If I'm slitting by | how can I get | in values? The splitted parts should be splitted again for key value pairs.

colinsurprenant commented 6 years ago

we can see that the values that contains a | are the ones where there is no values assigned to the field, for example: |patronOccupation=|readingRoom=| is parsed as "patronOccupation" => "|readingRoom="

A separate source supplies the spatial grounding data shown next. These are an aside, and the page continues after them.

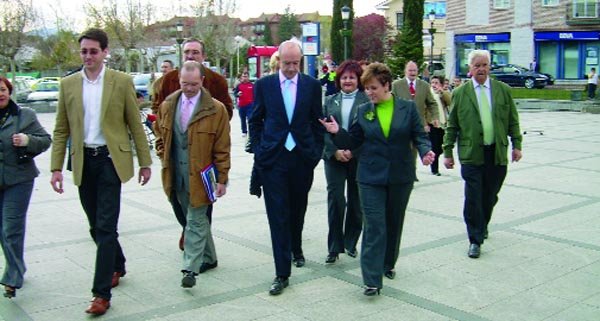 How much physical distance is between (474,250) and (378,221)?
152cm

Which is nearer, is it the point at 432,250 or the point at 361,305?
the point at 361,305

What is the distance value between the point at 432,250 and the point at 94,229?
3108 mm

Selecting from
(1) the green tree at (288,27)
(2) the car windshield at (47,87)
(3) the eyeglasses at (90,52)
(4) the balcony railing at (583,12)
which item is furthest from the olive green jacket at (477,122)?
(1) the green tree at (288,27)

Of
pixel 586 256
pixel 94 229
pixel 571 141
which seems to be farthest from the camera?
pixel 571 141

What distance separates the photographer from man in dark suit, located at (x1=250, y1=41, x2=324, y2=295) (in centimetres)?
532

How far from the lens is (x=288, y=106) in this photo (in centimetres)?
539

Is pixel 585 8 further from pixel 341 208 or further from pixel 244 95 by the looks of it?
pixel 341 208

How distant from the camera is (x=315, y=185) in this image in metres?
10.3

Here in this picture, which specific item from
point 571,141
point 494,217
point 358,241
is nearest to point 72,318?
point 358,241

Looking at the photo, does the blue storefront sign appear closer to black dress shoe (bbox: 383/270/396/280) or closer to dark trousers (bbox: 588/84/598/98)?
dark trousers (bbox: 588/84/598/98)

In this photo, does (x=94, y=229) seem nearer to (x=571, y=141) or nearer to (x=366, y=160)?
(x=366, y=160)

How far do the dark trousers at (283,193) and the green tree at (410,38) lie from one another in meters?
29.4

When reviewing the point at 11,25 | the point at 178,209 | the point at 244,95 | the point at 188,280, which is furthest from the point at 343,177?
the point at 11,25

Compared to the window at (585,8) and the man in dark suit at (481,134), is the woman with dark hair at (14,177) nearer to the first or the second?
the man in dark suit at (481,134) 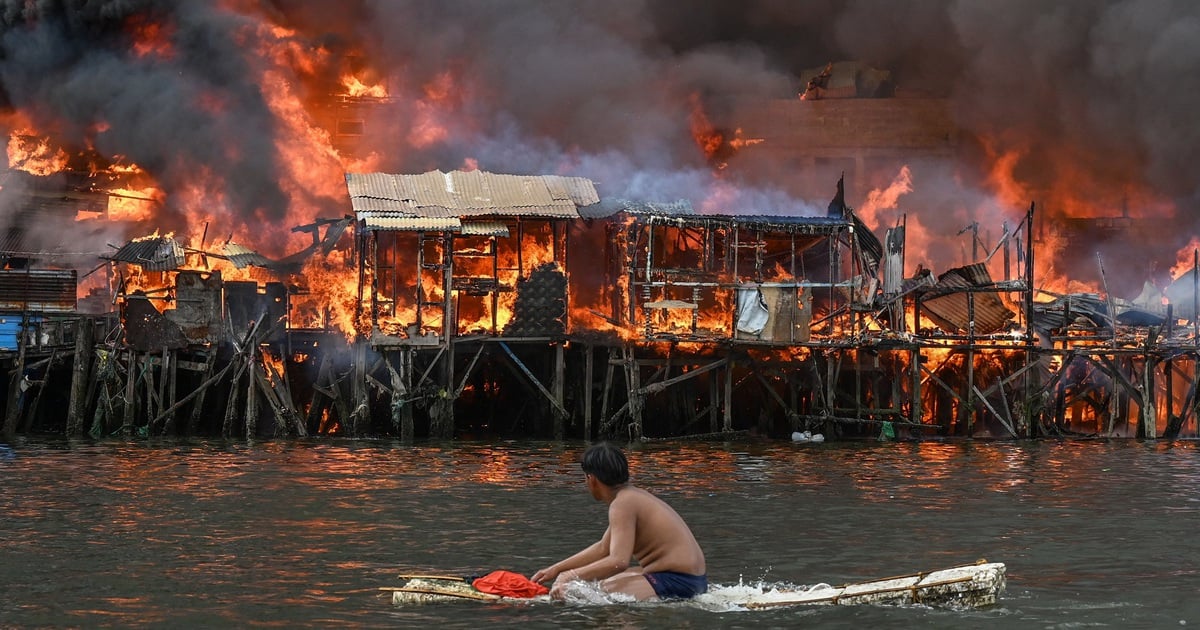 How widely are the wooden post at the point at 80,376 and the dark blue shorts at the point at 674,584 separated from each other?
28069 mm

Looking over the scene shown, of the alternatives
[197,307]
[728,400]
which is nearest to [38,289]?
[197,307]

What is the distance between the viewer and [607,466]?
479 inches

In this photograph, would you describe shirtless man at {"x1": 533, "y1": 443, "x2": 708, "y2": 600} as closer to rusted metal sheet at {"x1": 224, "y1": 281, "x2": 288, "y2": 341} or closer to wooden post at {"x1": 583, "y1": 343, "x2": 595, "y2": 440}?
wooden post at {"x1": 583, "y1": 343, "x2": 595, "y2": 440}

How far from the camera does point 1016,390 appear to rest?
133 ft

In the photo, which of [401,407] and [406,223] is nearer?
[401,407]

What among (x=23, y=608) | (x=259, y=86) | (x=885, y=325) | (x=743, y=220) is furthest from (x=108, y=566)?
(x=259, y=86)

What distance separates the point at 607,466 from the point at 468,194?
28.4 m

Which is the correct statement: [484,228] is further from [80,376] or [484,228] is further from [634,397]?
[80,376]

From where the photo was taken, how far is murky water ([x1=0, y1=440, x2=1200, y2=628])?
13398 mm

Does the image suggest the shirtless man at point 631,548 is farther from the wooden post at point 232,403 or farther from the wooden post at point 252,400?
the wooden post at point 232,403

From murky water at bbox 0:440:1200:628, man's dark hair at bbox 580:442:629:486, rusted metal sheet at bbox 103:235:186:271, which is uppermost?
rusted metal sheet at bbox 103:235:186:271

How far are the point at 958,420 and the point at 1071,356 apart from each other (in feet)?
14.0

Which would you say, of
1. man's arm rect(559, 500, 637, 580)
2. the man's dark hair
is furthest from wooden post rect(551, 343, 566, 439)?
the man's dark hair

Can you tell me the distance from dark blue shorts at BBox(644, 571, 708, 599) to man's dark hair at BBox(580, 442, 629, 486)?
1128 mm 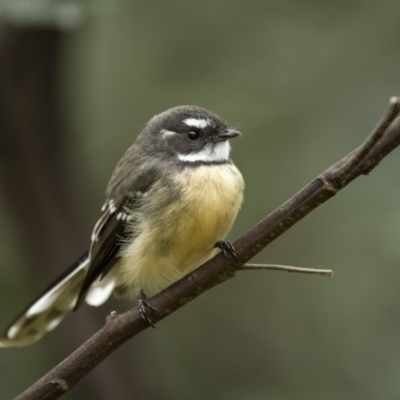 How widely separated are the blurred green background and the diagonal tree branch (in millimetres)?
1640

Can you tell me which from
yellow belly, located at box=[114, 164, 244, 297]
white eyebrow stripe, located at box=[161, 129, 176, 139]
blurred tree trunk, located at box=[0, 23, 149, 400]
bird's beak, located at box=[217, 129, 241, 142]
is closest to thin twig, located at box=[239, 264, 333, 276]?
yellow belly, located at box=[114, 164, 244, 297]

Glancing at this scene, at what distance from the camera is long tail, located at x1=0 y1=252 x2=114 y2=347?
179 inches

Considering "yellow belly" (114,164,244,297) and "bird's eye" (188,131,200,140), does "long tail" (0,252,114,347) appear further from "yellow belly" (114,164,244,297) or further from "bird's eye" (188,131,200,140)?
"bird's eye" (188,131,200,140)

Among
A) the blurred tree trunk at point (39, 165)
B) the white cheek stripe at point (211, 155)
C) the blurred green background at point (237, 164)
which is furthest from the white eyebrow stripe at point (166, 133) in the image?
the blurred tree trunk at point (39, 165)

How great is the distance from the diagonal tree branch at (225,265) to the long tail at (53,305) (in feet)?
4.17

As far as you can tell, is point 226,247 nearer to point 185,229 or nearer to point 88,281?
point 185,229

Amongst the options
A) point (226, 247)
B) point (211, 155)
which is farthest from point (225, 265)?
point (211, 155)

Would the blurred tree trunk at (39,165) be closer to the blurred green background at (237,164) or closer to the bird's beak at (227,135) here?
the blurred green background at (237,164)

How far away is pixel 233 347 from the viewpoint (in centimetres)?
651

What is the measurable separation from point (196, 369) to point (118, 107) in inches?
93.0

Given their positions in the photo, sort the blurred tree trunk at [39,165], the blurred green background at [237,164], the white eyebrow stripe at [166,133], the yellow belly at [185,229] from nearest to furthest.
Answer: the yellow belly at [185,229] → the white eyebrow stripe at [166,133] → the blurred green background at [237,164] → the blurred tree trunk at [39,165]

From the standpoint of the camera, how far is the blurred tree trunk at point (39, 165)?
5.67m

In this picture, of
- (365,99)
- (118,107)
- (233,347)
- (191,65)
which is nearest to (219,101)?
(191,65)

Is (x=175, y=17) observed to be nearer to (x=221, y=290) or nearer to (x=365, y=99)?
(x=365, y=99)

Mojster commented 6 years ago

Another test with only field_split.

    kv {
#       field_split_pattern => "\|"
        field_split => "|"
        include_brackets => false
#       value_split_pattern => "="

And output is equal:

{
                       "message" => "1.2.2018 6:54:17\t|cir=C3|date=01.02.2018 06:54:17|acronym=ACRONYM|user=user|type=1
1|rptPackageStatus=0|transactionHostDepartment=01|membIdentificNumb=0000000|patronId=111|inventoryNo=000019088|cobissId=
0000000|note=f|patronCategory=002|lastVisitDate=30.01.2018|schoolType=0|schoolName=00000|schoolDept=4.c|libraryCode=0000
0|libraryDept=|firstsignUpDate=16.01.2015|patronOccupation=|readingRoom=|bibl001c=m|biblUDK675s=61|biblLanguage101a=slv|
biblType001b=a|biblTargetAudienceCode100e=a|parentDepartment=Sth|holdStatus=c|materialType=01|loanDate=01.02.2018|return
Date=15.02.2018|visitValid=0|visitTypeValid=0|",
                        "source" => "g:\\elasticStack\\data\\test.log",
                   "libraryDept" => "|firstsignUpDate=16.01.2015",
                  "biblType001b" => "a",
                    "@timestamp" => 2018-03-23T08:47:51.043Z,
    "biblTargetAudienceCode100e" => "a",
                          "beat" => {
            "name" => "C3RAZVOJ",
         "version" => "6.2.3",
        "hostname" => "C3RAZVOJ"
    },
             "membIdentificNumb" => "0000000",
                 "lastVisitDate" => 2018-01-29T23:00:00.000Z,
                  "materialType" => "01",
                    "visitValid" => "0",
                          "user" => "user",
                    "schoolType" => "0",
                          "host" => "C3RAZVOJ",
                    "returnDate" => 2018-02-14T23:00:00.000Z,
                      "loanDate" => 2018-01-31T23:00:00.000Z,
                    "schoolName" => "00000",
                      "bibl001c" => "m",
                   "inventoryNo" => "000019088",
     "transactionHostDepartment" => "01",
                    "prospector" => {
        "type" => "log"
    },
                       "country" => "si",
                    "holdStatus" => "c",
                          "tags" => [
        [0] "beats_input_codec_plain_applied"
    ],
                       "acronym" => "ACRONYM",
              "rptPackageStatus" => 0,
                      "patronId" => "111",
                        "offset" => 3653,
                          "date" => 2018-02-01T05:54:17.000Z,
                "visitTypeValid" => "0",
                      "@version" => "1",
              "parentDepartment" => "Sth",
              "patronOccupation" => "|readingRoom=",
                      "cobissId" => "0000000",
                   "libraryCode" => "00000",
                    "schoolDept" => "4.c",
                   "biblUDK675s" => "61",
              "biblLanguage101a" => "slv",
                          "type" => 11,
                           "cir" => "C3",
                "patronCategory" => "002",
                          "note" => "f"
}

I've wrote my own ruby splitter, but I would prefer using kv. Hope you'll be able to make my example work.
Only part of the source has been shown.